SALAMANCA, Gto.- El sacerdote católico Pedro Gutiérrez Farías regresó al albergue que fundó hace 44 años, la Ciudad del Niño, misma que se prepara para reabrir y recibir nuevamente a niñas y niños.

Gutiérrez Farías dijo contar con una resolución del Segundo Tribunal Colegiado en Materia Penal a su favor “por falta de elementos que acrediten las conductas de las que fue acusado”, en el amparo en revisión 327/2017, lo que fue respaldado por su abogado Jesús Centeno, en una conferencia de prensa la tarde del jueves en la propia sede de la Ciudad del Niño.

Las conductas a las que aludió el abogado son acusaciones de abusos sexuales y maltrato físico y psicológico en contra de menores resguardados en este centro, que ya no contaba con permisos con el del DIF estatal, situaciones que fueron documentadas dentro de un juicio de amparo llevado por la jueza de distrito Karla Macías Lovera, cuando atendió el caso de una menor a la que sus padres lucharon por recuperar.
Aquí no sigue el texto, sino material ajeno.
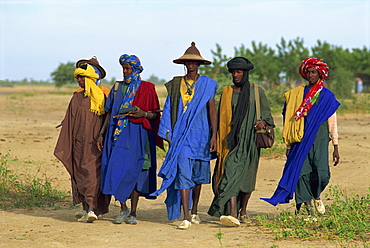 Peul men during transhumance, Sofara, Mali, West Africa, Africa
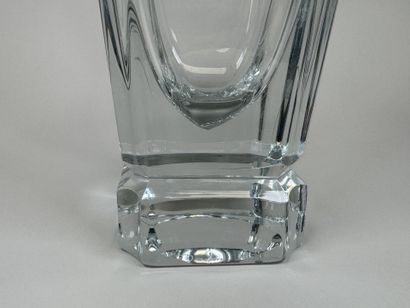 DAUM France.
Large molded and pressed crystal...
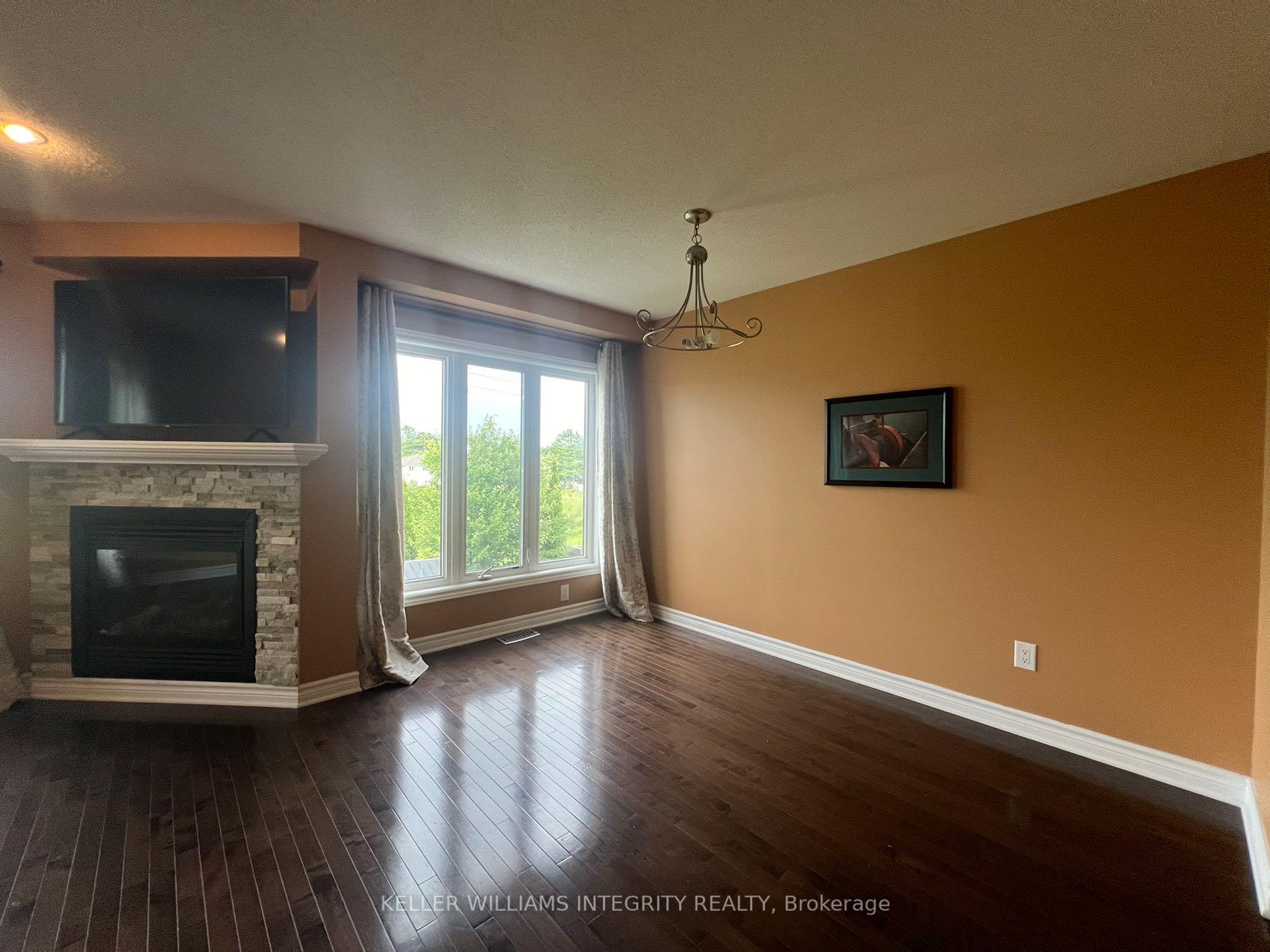 Photo 10 of 160 Forestbrook Street, Ottawa, Kanata - Morgan's Grant/South March — HOMEH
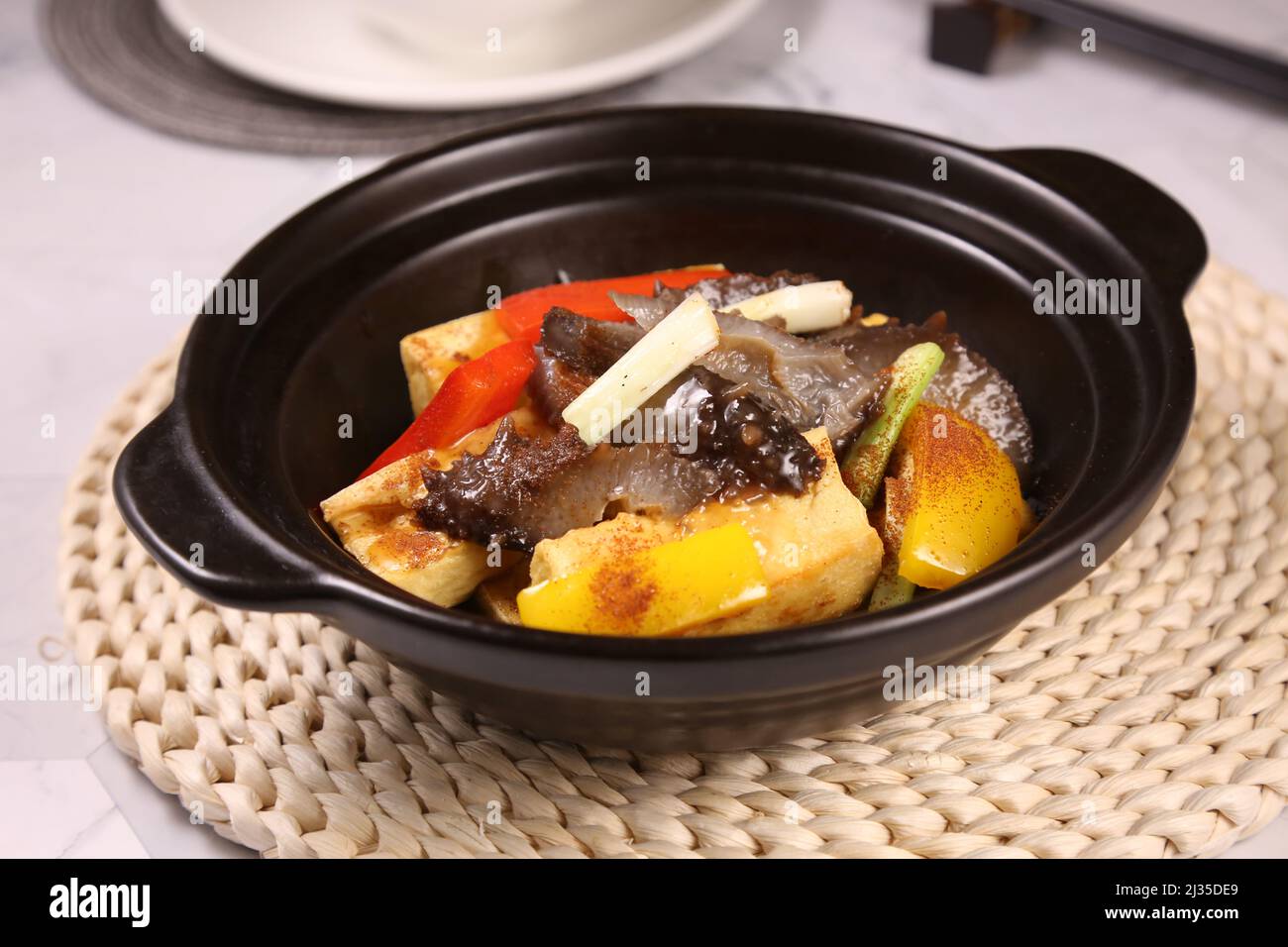 Gamberi Roe Ginseng tofu in un piatto isolato su sfondo grigio vista laterale del cibo di Hong kong Foto Stock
Según la resolución de la jueza que se hizo pública a mediados de 2017, el sacerdote registró a 134 menores con su apellido paterno y como segundo apellido el de una de las monjas que lo asistía en el albergue.

Pero en realidad, la resolución a la que hizo referencia el cura no es una exoneración, sino que se refiere a que la jueza Karla Macías debió resolver únicamente el tema de la menor en el juicio que atendía. En cambio, los señalamientos en contra del sacerdote tendrían que ser investigados por la autoridad competente, en este caso la Fiscalía general del estado y otras instancias como el DIF y la Procuraduría de protección a niñas, niños y adolescentes.

Sin embargo, el ex gobernador Miguel Márquez siempre se negó a que se investigara al sacerdote, y sólo se le retiró de la Ciudad del Niño, del cual se hizo cargo personal del DIF estatal en precarias condiciones de atención a los menores y adolescentes que allí se encontraban, quienes finalmente fueron reubicados a distintos centros y con sus familiares.

De regreso a la Ciudad del Niño, el sacerdote Gutiérrez Farías afirmó que esto “es un milagro porque la situación estaba terrible, me acusaron injustísimamente”.

“La Ciudad de los niños es una obra de la patria, una obra de dios. ¿Por qué me dediqué a esto? Porque dios me lo dijo, yo no lo hago por dinero”, señaló en la rueda de prensa.

Aseguró que registró a los menores con sus apellidos “porque los gobernadores me dijeron; yo les pedía ayuda a todos los gobernadores y me ayudaron, les decía: ‘¿qué hago con los niños, no tienen papeles. Me decían: déselos usted. Aquí venía el del Registro civil a la casa, a registrarlos”. Gutiérrez negó que hubiera obligado a padres y madres de familia a ceder la tutela de los menores, aunque esto fue también documentado por la jueza Macías Lovera.

El domingo, el sacerdote oficiará una misa en la capilla del inmueble, “y después habrá comida y música y van a bailar hasta que se les hinchen los pies, porque vamos a decirle al Señor muchas gracias, porque era una cosa dificilísima”.

También va avanzando en los permisos y trámites ante las distintas autoridades para volver a operar el centro, como el uso de suelo que otorga el Municipio, Protección civil, Salud, aunque le falta culminar el trámite ante el DIF estatal.

Luego, afirmó que necesitará por lo menos dos millones de pesos para hacer todas las reparaciones que necesitan las instalaciones. “Dejen que me echen dinero, necesito dinero…yo sé que la gente salmantina es de corazón noble y nos va a ayudar”, afirmó.

Además, gracias a la muy cercana relación que tiene con la alcaldesa de Morena Beatriz Hernández, el gobierno municipal le paga 40 mil pesos mensuales a cambio de que los elementos de la Guardia Nacional y la Marina que arribaron a Salamanca se instalaran en el otro albergue que tiene el sacerdote en esta ciudad, que también se quedó vacío.